La perspective d’une «coopération renforcée»

Pour autant, rien n’est acquis. Car à côté des six pays (Allemagne, France, Belgique, Autriche, Portugal et Slovénie) favorables à l’instauration de cette taxe et de quelques autres qui n’y sont pas opposés, certains comme le Royaume-Uni, les Pays-Bas et l’Irlande y sont farouchement opposés.

Mais si les 27 membres de l’Union européenne ne parvenaient pas à se mettre d‘accord, la capacité donnée à un certain nombre de pays de mettre en place une coopération renforcée –ce que prévoient les institutions européennes– pourrait être activée.

Ce ne serait pas la première du genre.
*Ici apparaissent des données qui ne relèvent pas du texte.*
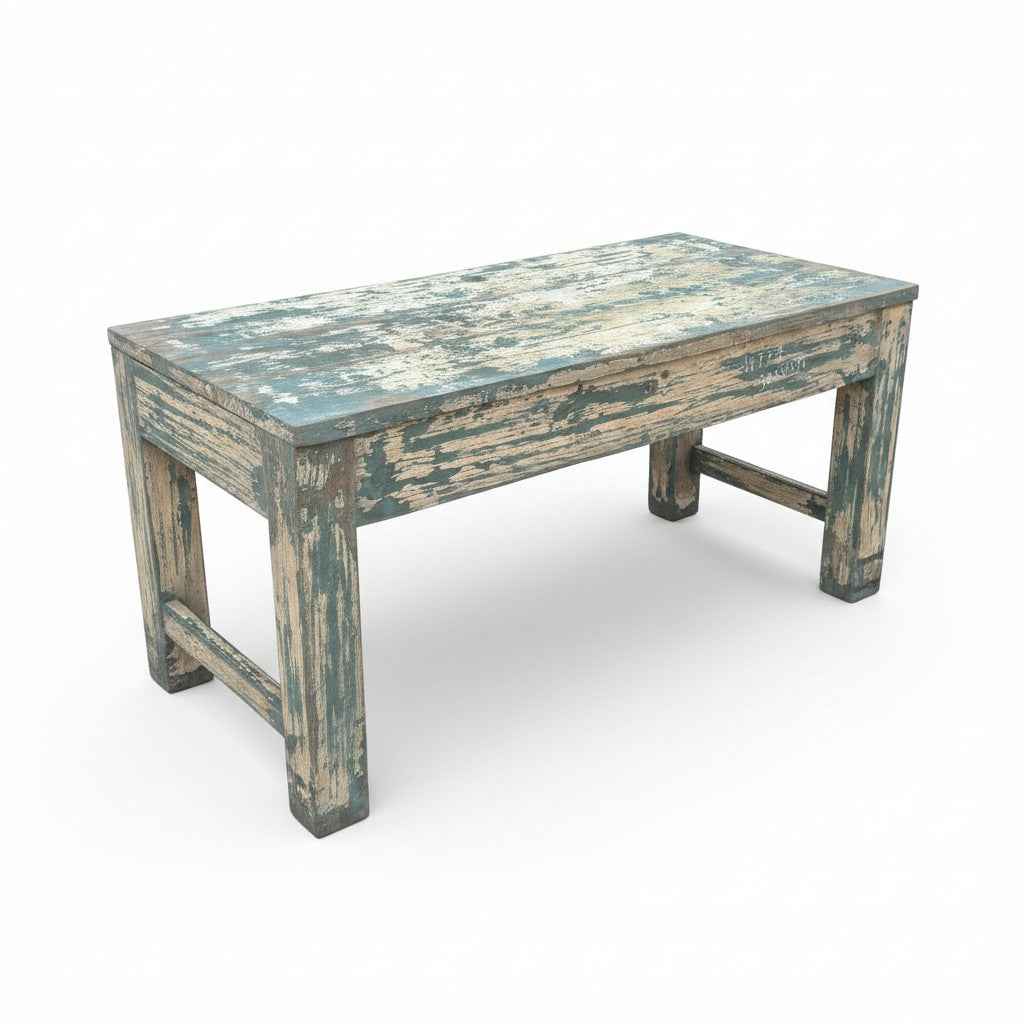KB ART KB ART Distressed Blue Painted Wooden Coffee Table – Handcrafted Premium Solid Wood Jodhpur Rajasthani Decor – Handcrafted Boho Jodhpur Home Decor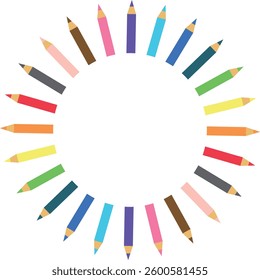 A colorful circle of colored pencils.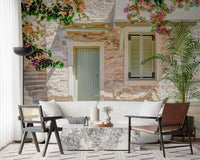 Living nook with Mediterranean Doorway Charm Wall Mural and rustic window charm, GD8891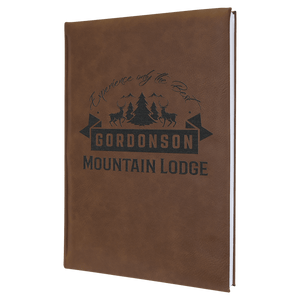 Dark Brown 7" x 9 3/4" Laserable Leatherette Journal with Lined Notepad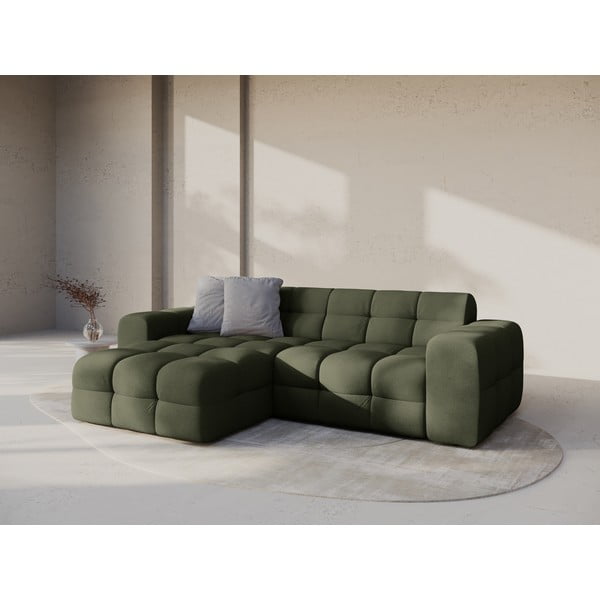 Divano angolare verde (con penisola a sinistra/con chaise lounge) Kendal – Micadoni -image-1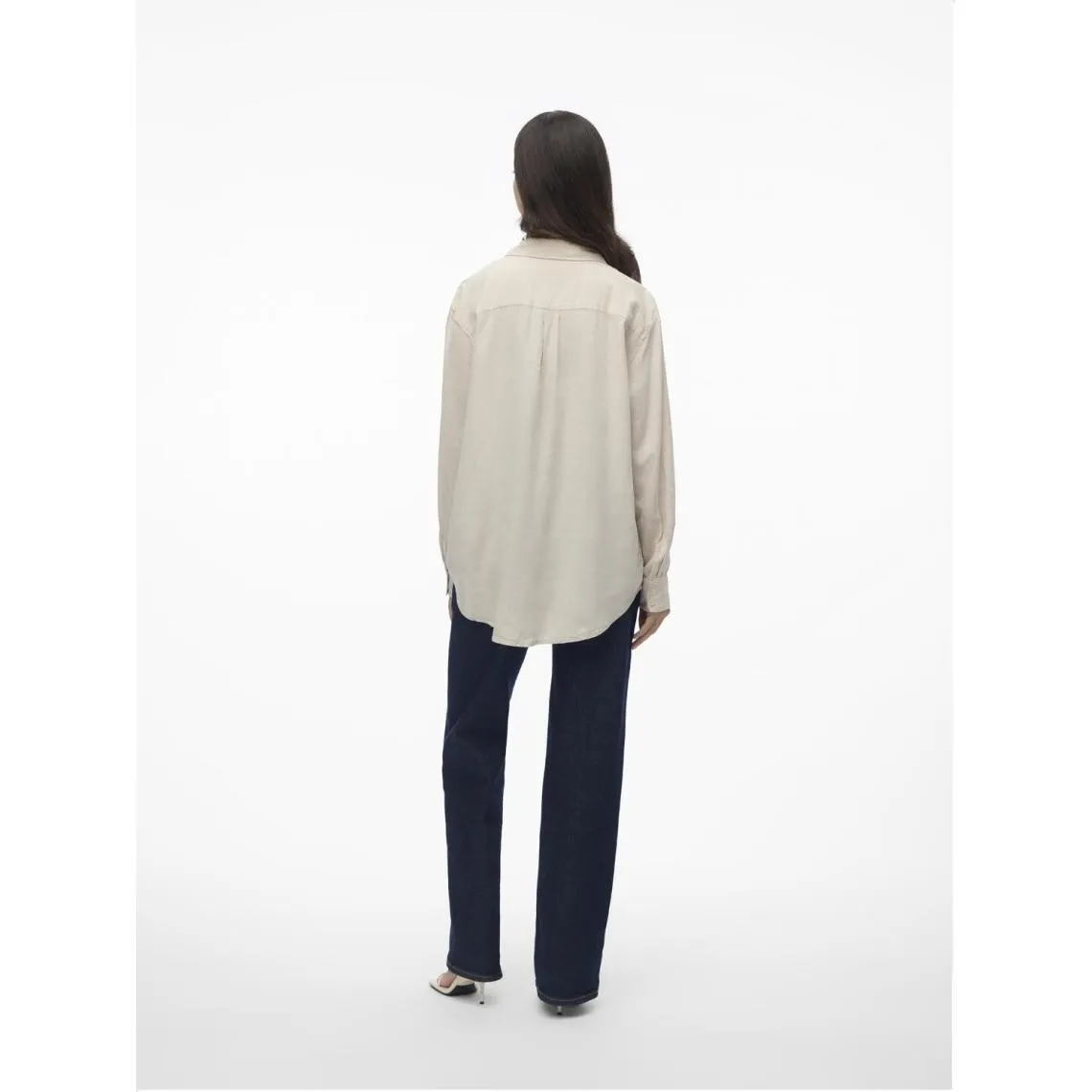 Chemise fermeture par bouton poignets boutonnés col chemise manches larges manches longues gris en lin Maia | 3 Suisses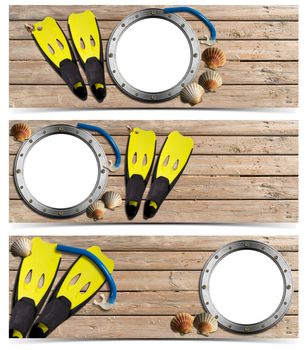 Set of three beach holidays banners with metal empty porthole, seashells, flippers and snorkel diving on wooden floor with sand
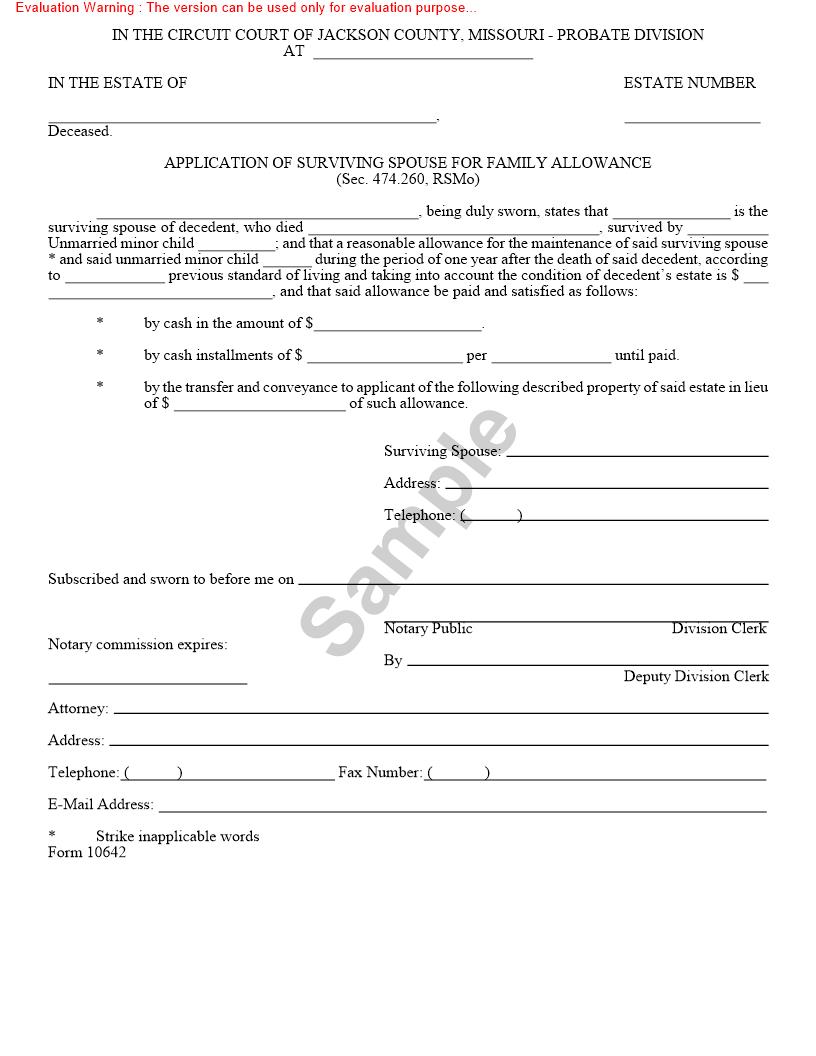 Application Of Surviving Spouse For Family Allowance {10642} | Pdf Fpdf Doc Docx | Missouri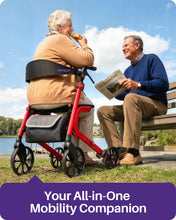 Load image into Gallery viewer, Kekoy Bariatric Rollator Walker for Seniors with Seat, 500 lbs Heavy Duty Walker, 19.5" Extra-Wide Seat, 10" All-Terrain Wheels, Adjustable Height, Foldable Rolling Walker, Hidden Brake Cables, Red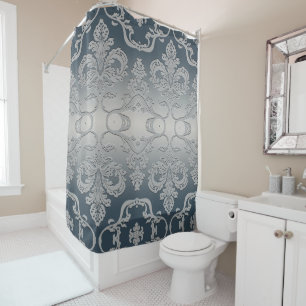 Cortina De Ducha Elegante Damasco Real Gris y Taupe
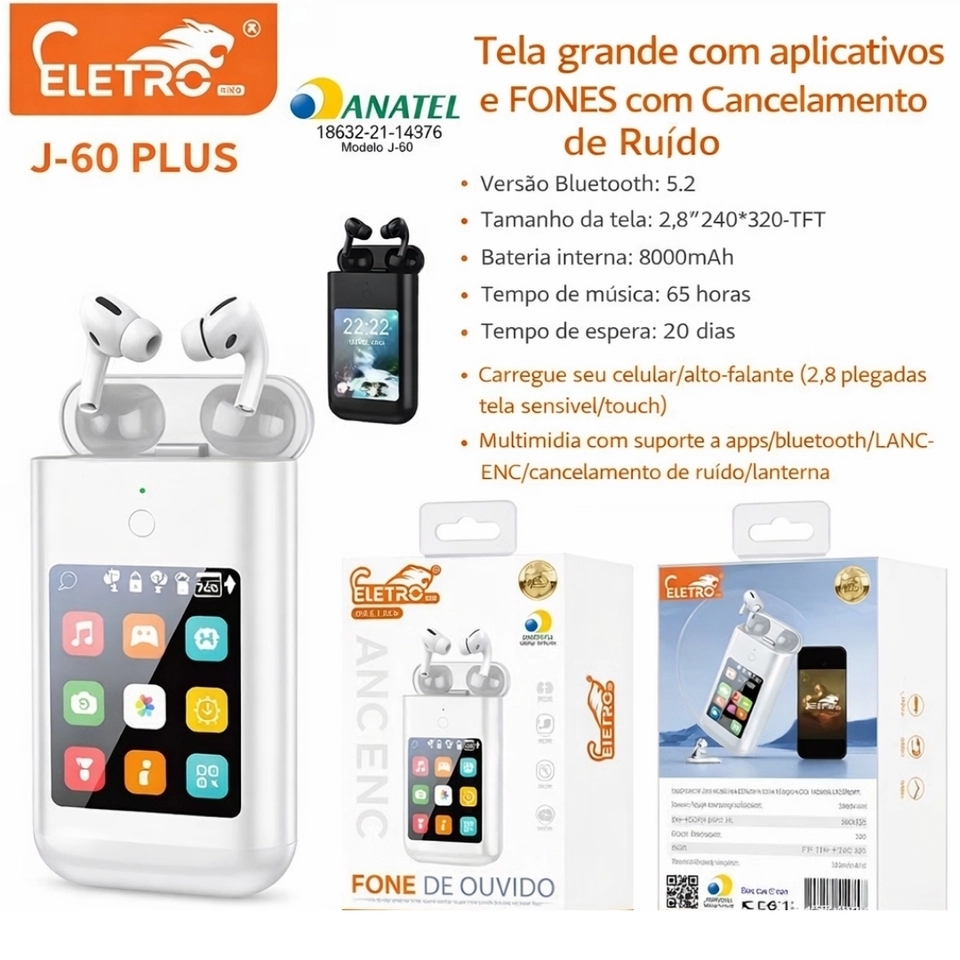 fone de ouvido 3in1 Power Bank Com Tela 2.8 Polegadas Bluetooth Com Muitas Funções J-60 - 4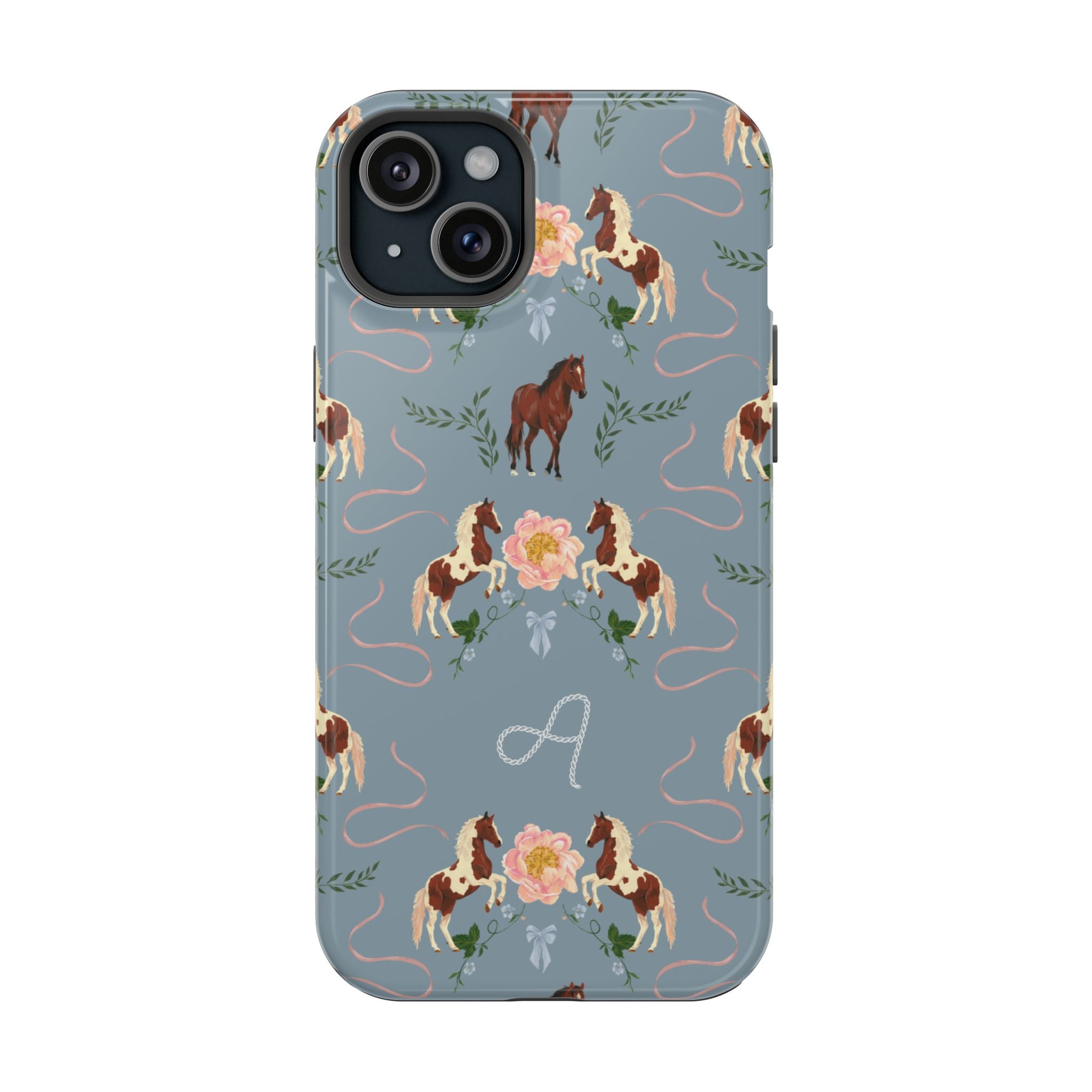 Prairie personalized iPhone case featuring a blue background with floral and horse patterns, including a monogrammed lette...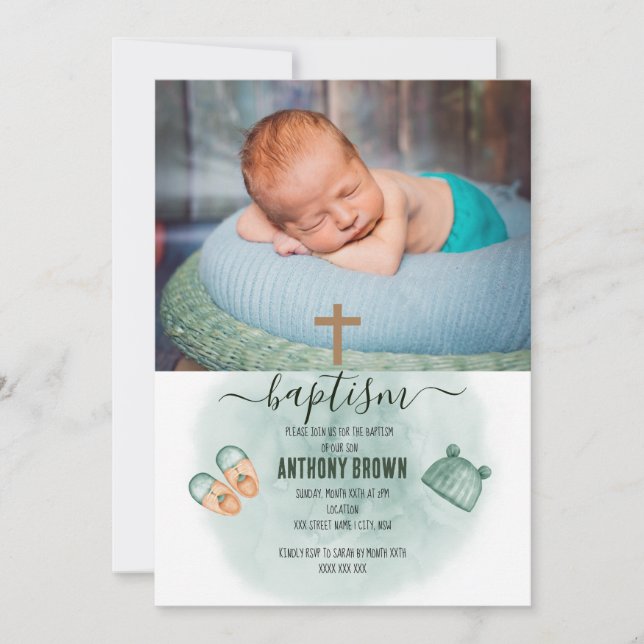 CONVITE GREEN & ORANGE WATERCOLOR BAPTISM (Frente)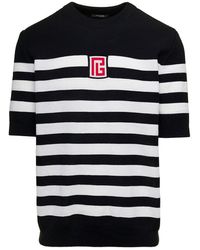 Balmain - Striped Cotton T Shirt - Lyst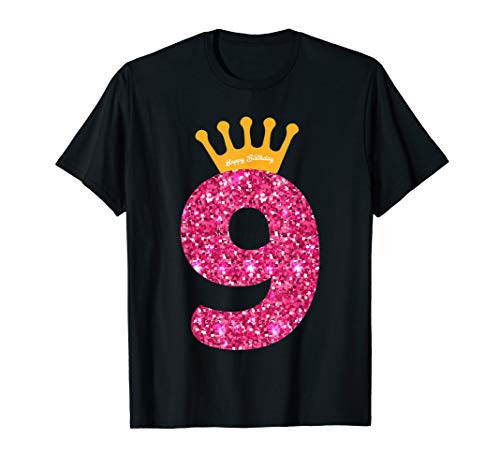Happy Birthday   Girls 9th Party 9 Years Old Bday T-Shirt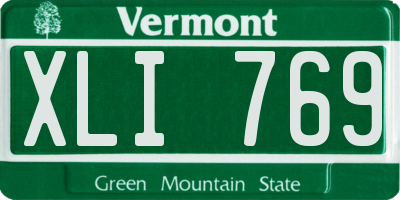 VT license plate XLI769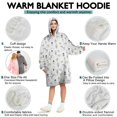 thumbnail image 5 of Wearable Oversized Blanket,White Cartoon Unicorn Ice Cream Pattern Wearable Blanket Hoodie for Adults,Cozy Hooded Blankets with Super Pockets,Super Warm Fuzzy Pullover for Women & Men, 5 of 6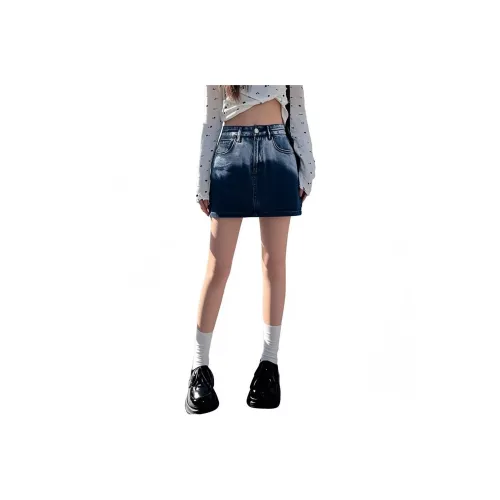 HELEH Denim Short Skirts Women's Gradient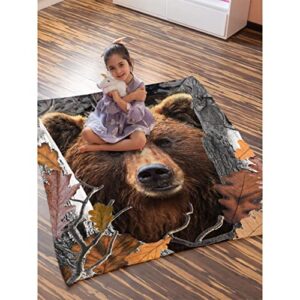 Camo Bear Throw Blanket Super Soft Lightweight Warm Fuzzy Plush Fleece Blankets for Couch Sofa Bed Bear Blanket for Adults Gift for Men Boys Home Hunting Decor 80"x60" for Adult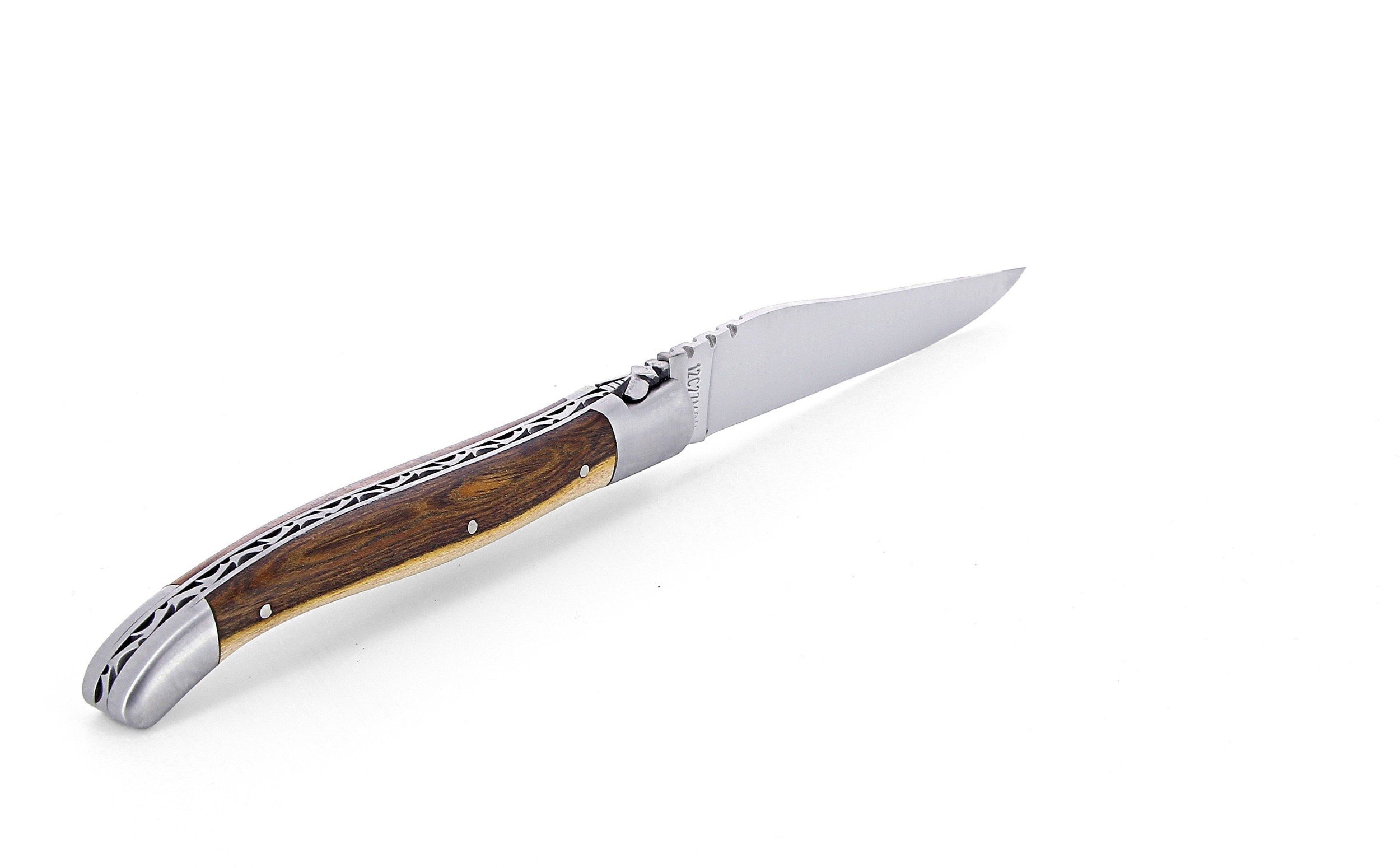 Laguiole pliant 12cm, manche en pistachier, mitres inox brossées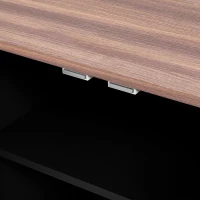 PawHut Pet Feeding Station, Dog Food Storage Cabinet w/ Raised Dog Bowls, Adjustable Panel, Hooks for Medium Dogs, Black(m-8)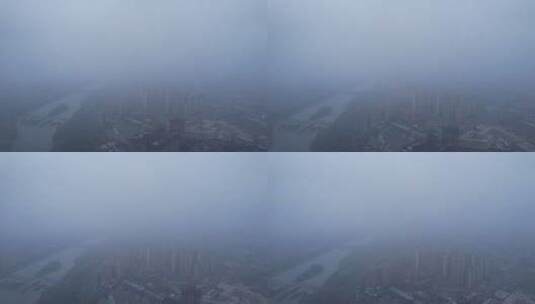 穿越大雾城市河流建筑高楼建筑居民楼工地高清在线视频素材下载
L’euro, par exemple, est le fruit d’une coopération renforcée. Cette TTF pourrait en être une autre.

Ainsi la détermination affichée par François Hollande s’inscrit-elle dans une démarche déjà engagée, et qui pourrait franchir une nouvelle étape au Conseil européen de la fin juin, au moins au niveau du calendrier.

Un engagement jusqu’où?

Reste à savoir si les recettes de cette taxe iront, au moins pour partie, aux pays les plus pauvres. «Je prends l’engagement que si cette taxe est créée, une partie de ces revenus sera affectée au développement», a affirmé François Hollande à Rio pour rassurer les ONG et ne pas rester dans la tonalité de ce sommet de l’échec.

Cette volonté se justifierait d’autant plus que toute aide aux pays les plus pauvres contribue à fixer leurs populations sur place et à réduire l’immigration clandestine qui pose tant de problèmes aux pays les plus riches.

Mais tout dépend des sommes allouées à cette aide. Pour l’instant, la TTF dessinée par Bruxelles est avant tout destinée à l’Europe elle-même, ce qui reste bien éloigné des ambitions de Rio.